Bookstaber on the Limits of Capitalism

What can we do so that we’re not fighting yesterday’s war?

That was the question posed by Richard Bookstaber when he spoke at the sixth annual MIT Sloan Investment Management Conference on April 29. Bookstaber, a Senior Policy advisor to the SEC and to the Financial Security Oversight Council, offered an elucidating perspective on the origins of economic crises and the proper role of regulation.

Bookstaber’s main assertion was that unrestrained capitalism, contrary to classical economic theory, creates incentives that fail to optimize social welfare and ultimately devolve into socialism– as he put it, that “unrestrained capitalism ultimately isn’t capitalism,” because these misaligned incentives force governments to intervene in order to optimize the well-being of their citizenry.

While we cannot predict the source of our next financial crisis, Bookstaber said – although he expressed no doubt that it was coming – we should look towards unregulated industries. Banks, he said, are currently under too much scrutiny to pose much risk to the economy. The warning sign that Bookstaber most emphasized was the complexity of a system.

Bookstaber laid the blame for the 2008 crash on two factors: complexity and “tight coupling.” In this context, tight coupling is the “causal relationships” we tend to create with ETFs and globalized market interactions. It serves to increase complexity and to propagate the shock of crisis much more quickly and widely than it otherwise could spread. Ultimately, however, Bookstaber said complexity is the real villain.

Bookstaber’s primary concern with complex markets is that they are difficult to understand. While some may understand what is happening in a highly complex system, the vast majority of participants are unlikely to fully grasp its dynamics, which weakens the assumption of perfect information used by classical economists to justify the free market.

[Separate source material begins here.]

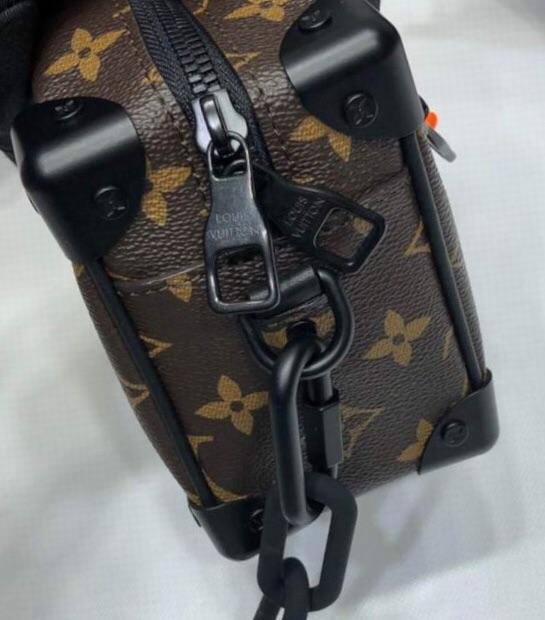 Louis Vuitton Shoulder Bag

When market participants act in an effective state of ignorance, there is a high likelihood that they will make suboptimal decisions. This is what happened with risk allocation in our recent recession.

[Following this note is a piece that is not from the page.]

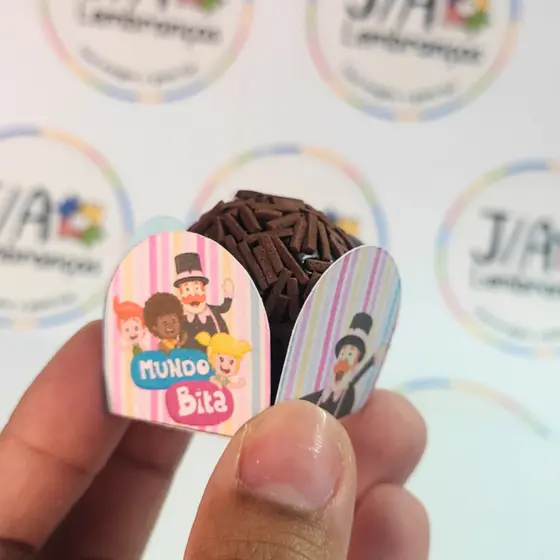 Forminha De Brigadeiro Mundo Bita Menina, Rosa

Bookstaber took special note of so-called “financial engineers” in his talk. To call them “engineers,” he claimed, was misleading. Engineers design bridges and stable structures. In contrast, he declared, “financial engineers are going to war instead of building hospitals.” The use of risk management tools developed in scientific fields, such as physics, engineering and biology, is inappropriate in finance, said Bookstaber. The origin of the risk in the former professions is entirely different from that of financial risk. This assertion ultimately stems from Bookstaber’s description of financial activities as “war.”